Die Verfolgungsbehörden des AKP-Regimes drehen die Repressionsschraube gegen die kurdische Opposition im Vorfeld der Stichwahl für das Präsidentenamt weiter an. In der westtürkischen Küstenprovinz Izmir sind am Mittwoch mindestens zwölf Musikerinnen und Musiker unter angeblichen „Terror“-Vorwürfen in Gewahrsam genommen worden. Die vom Dezernat für Terrorbekämpfung der türkischen Polizei koordinierten Festnahmen wurden von teils martialisch inszenierten Razzien begleitet, die Wohnungen der Betroffenen akribisch durchsucht.

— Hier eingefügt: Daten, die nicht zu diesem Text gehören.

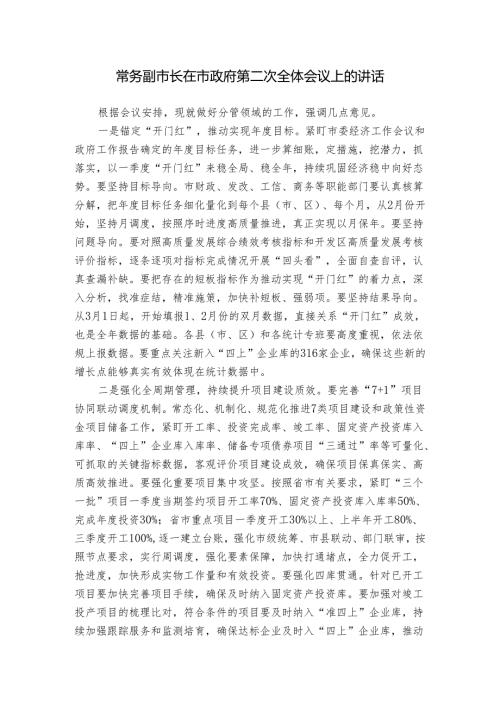 常务副市长在市政府第二次全体会议上的讲话(1).docx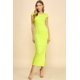thumbnail image 1 of Vestido Largo de Canalé con Cuello Redondo, Mangas Cortas y Forro, 1 of 4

Die Beschuldigungen gegen die Musikleute lauten auf Propaganda für eine „terroristische“ Vereinigung. Der Vorwurf gründet auf der Teilnahme an Eröffnungsfeiern von Wahlbüros der Grünen Linkspartei (Yeşil Sol Parti, YSP), unter deren Banner die Demokratische Partei der Völker (HDP) zur Parlaments- und Präsidentenwahl am 14. Mai in der Türkei angetreten ist. Bei den Betroffenen der Festnahmeoperation handelt es sich unter anderem um Sertan Özdemir, Şakir Yiğit Özdemir, Cemal Emen, Rıdvan Kaya, Fatime Tandoğan, Eyüp Azrak, Gökhan Gönlüaçık und Kadir Yasin Temur. Sie wurden in das Polizeipräsidium von Izmir gebracht, anwaltlicher Kontakt wurde ihnen bisher nicht gestattet.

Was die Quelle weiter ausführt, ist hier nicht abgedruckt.